The Environmental Protection Agency (EPA), on Friday organized a day’s workshop on ambient noise level guidelines, for block making facilities, pubs and transport unions.
The workshop was to create a forum for engagement between EPA and key stakeholders to find lasting ways of addressing the problem of noise pollution.
Mr. Ebenezer Appah-Sampong, EPA Deputy Executive Director, Technical said the issue of noise has become a problem that refuses to go away and the EPA has been battling it for some time now, adding that it was an issue that required all on board.
He said in homes, lorry parks, communities’ humans tend to generate some form of noise one way or the other and forget that it inconveniences each other, saying society by nature can accommodate some noise but when it goes beyond a certain time then people become agitated.
“Some time ago we came out with the permissible noise guideline. We raised some awareness but still have not made the progress that we want to achieve. We have now moved it further into standards and very soon would become enforceable standards backed by a regulation with some punitive measures,” he said.
Mr Appah-Sampong said the EPA’s intention is that, together, all would become conscious of the impact of excessive noise on our health, so that as individuals and communities we would take steps to minimize it to a very large extent.
“We think that now we would not do a big gathering but meet in small groups, understand each other and then share experiences on what we have done with the guidelines, and how to measure noise, and that would guide us to take our own actions and stop this.
“I believe that, if we are able to tackle it in our small groups, we would be able to achieve it. We expect that from here, we would take steps in our little small way to help address it,” he said.
He urged participants to become ambassadors for the environment and the people, saying if care is not taken, people would have hearing problems and difficulties in their old age.
“The end game is for us to have some groups to help us do some education and help us enforce the standards. We also want to establish Regional and District Task Forces to also enforce the standards,” he said.
Mr. Emmanuel Appoh, Deputy Director, Environmental Quality Department at the EPA said noise is unwanted or irregular noise, which is emitted by a vibrating body and upon reaching the ear causes the sensation of hearing through nerves.
He said Noise pollution is sound that is disordered and irregular producing an unknown pleasant sensation that is unwanted or that interfere with the ability to hear.
He said the major sources of noise include motor, vehicles, traffic, lack of maintenance, driving habits, hawking and commercial activities at lorry parks, markets, machines, information centres, social gatherings, Churches, mosques among others.
Mr. Appoh said noise pollution arises due to certain factors including lack of maintenance of machinery, lack of knowledge on laws and health as well as behavioural Factors.
He noted that some health implication like auditory and non-auditory effects are becoming common, with people especially the young ones losing their sensitivity to hearing because of their exposure to loud noise for long periods of time.

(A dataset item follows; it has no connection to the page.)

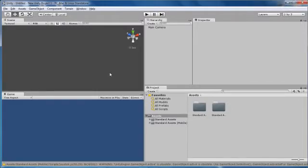Hi guys, this is Sam. This is my first video on my new channel and today you're going to be learning how to make your first Unity game. So let's get started.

“All these problems can be solved if we switch to new models of machinery, regular maintenance, installation of noise proof materials, change of mindset by citizens and be conscious of the laws of government on noise making,” he said.
He said the EPA Act 490 (1994) mandates the agency to prescribe guidelines and standards relating to air, water, land and noise, to develop ambient noise level guidelines for all zones.
Mr. Appoh said the EPA also works in partnership with stakeholders to catalyze change to make environmental protection and sustainable development a common value.
Mr. John Tettey, Head of Environmental Education Department said the total number of complaints received in the Greater Accra Region from August 2016 to 2017 is 329, 50 from Accra East; 117 from Accra West; and 102 from the head office.
He said when the EPA receives complaints of noise it takes various steps to address it including inviting both the complainant and the alleged offender for a meeting, after which the EPA and offender come to agreement on how to minimize noise to permissible levels consistent with the zoning status of the area.
He noted that where feasible, the complainants and alleged offenders are brought to a meeting, for an amicable settlement, and when all these efforts fail, the complainant is advised to send the matter to a court of law for solution.
The court normally orders the EPA to do noise measurements and submit to court.